**Exercise requirements:** What you give back from the listing below should be an exact copy of the lines from the one with "Alice & Olivia" down to the one with "VINTAGE DOLL MIDDLE", and it should contain no pictures.

**Source data:**
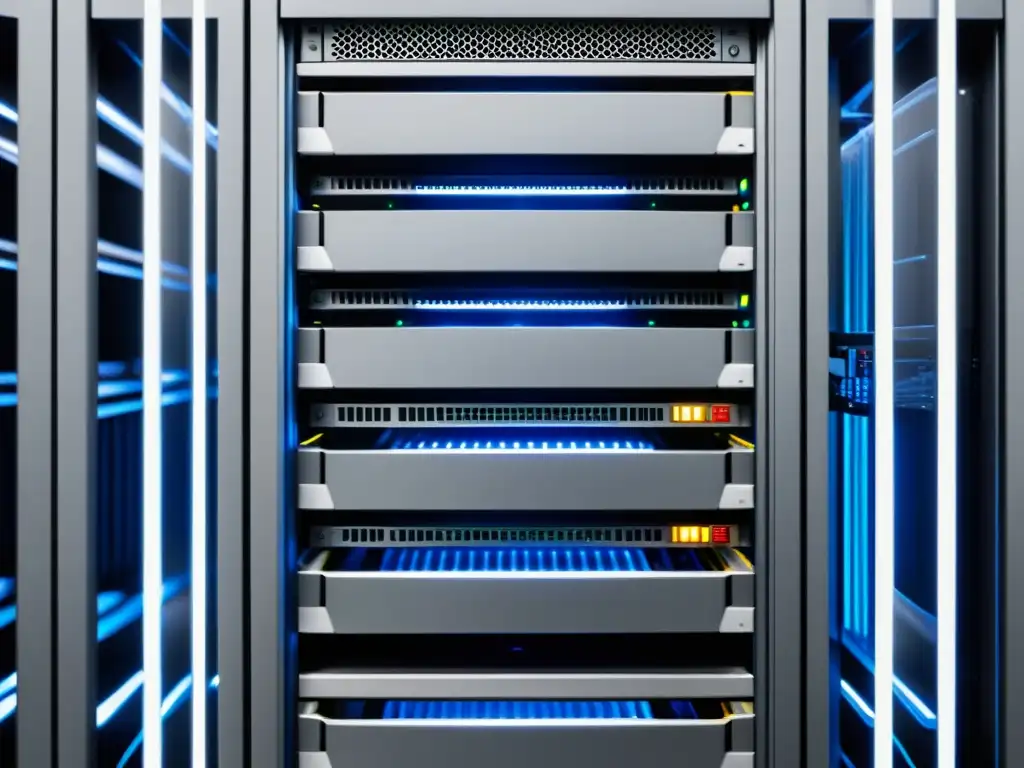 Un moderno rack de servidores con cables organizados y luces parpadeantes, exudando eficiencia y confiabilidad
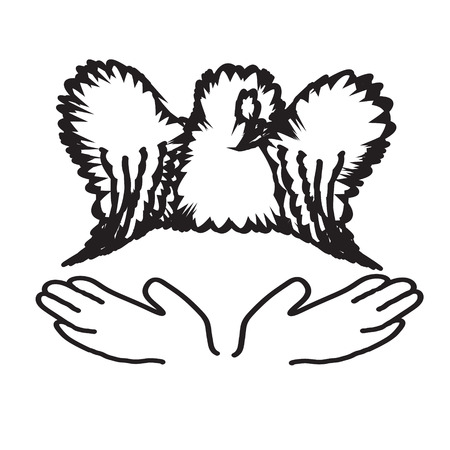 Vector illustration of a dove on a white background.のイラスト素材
* * *
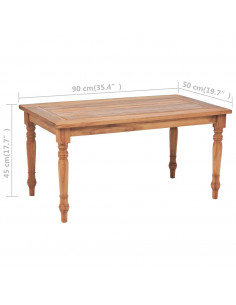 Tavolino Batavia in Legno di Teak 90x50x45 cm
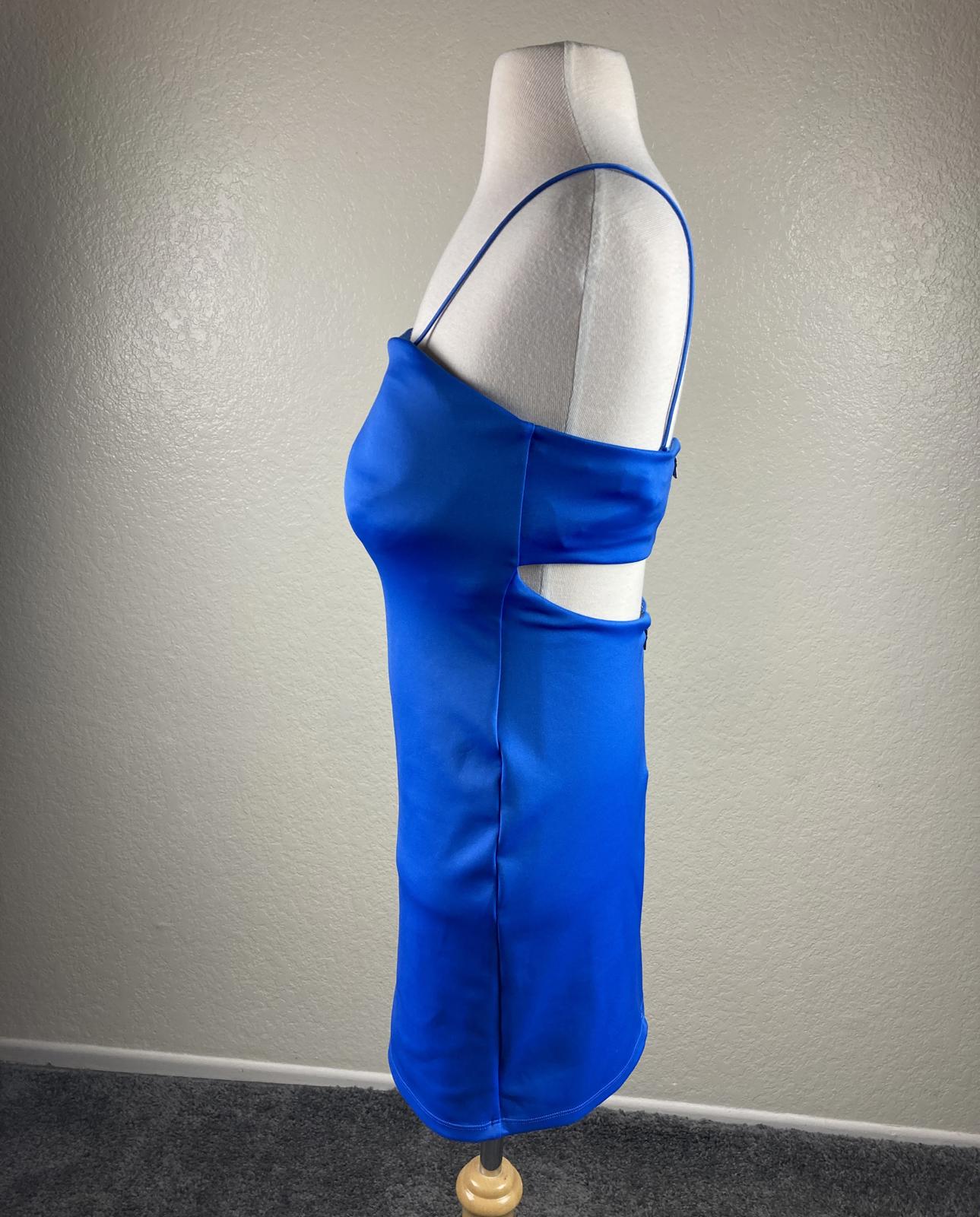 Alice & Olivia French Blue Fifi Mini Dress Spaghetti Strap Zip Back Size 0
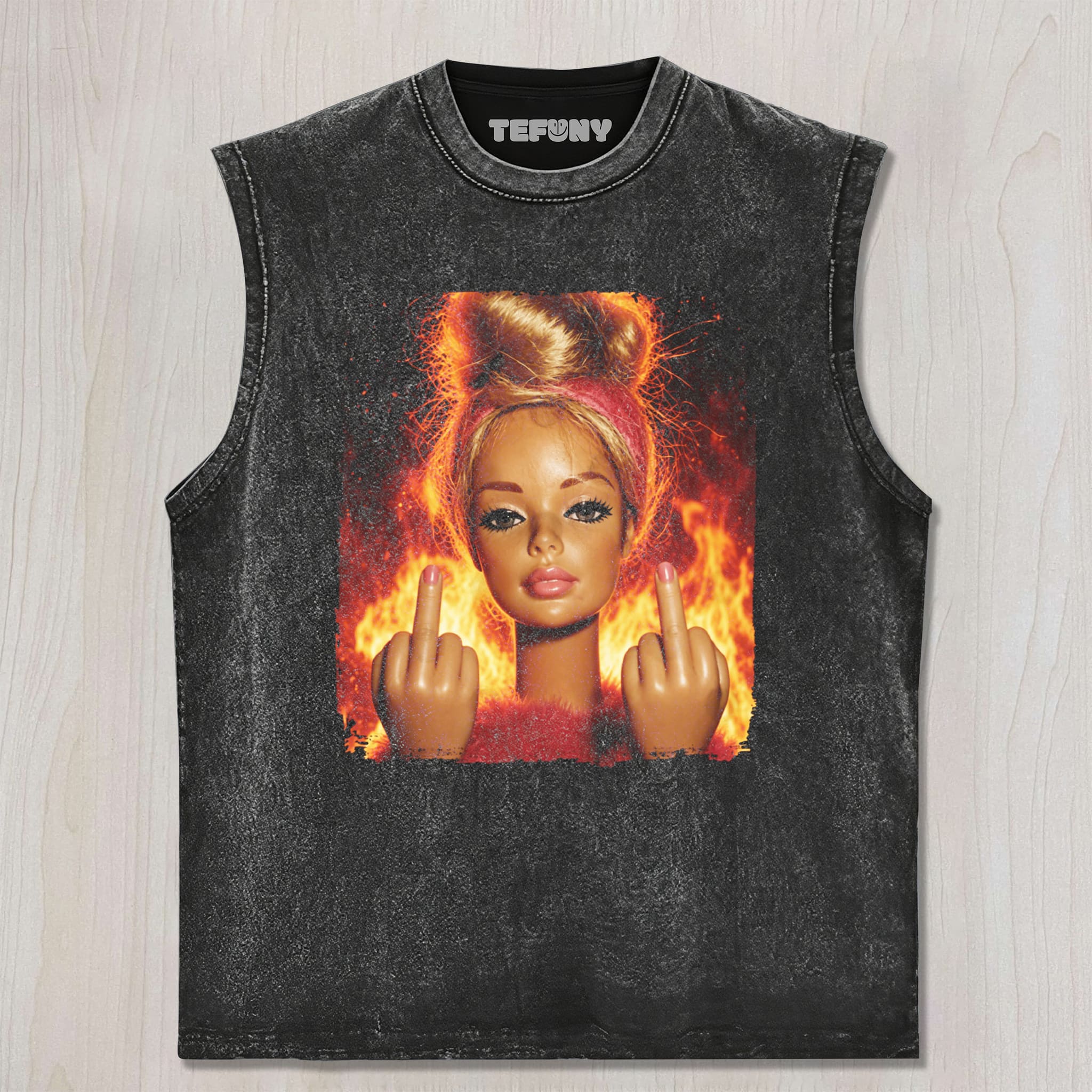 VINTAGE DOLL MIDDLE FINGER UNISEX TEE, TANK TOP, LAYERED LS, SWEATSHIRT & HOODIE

**Written answer:**
 Alice & Olivia French Blue Fifi Mini Dress Spaghetti Strap Zip Back Size 0
 VINTAGE DOLL MIDDLE FINGER UNISEX TEE, TANK TOP, LAYERED LS, SWEATSHIRT & HOODIE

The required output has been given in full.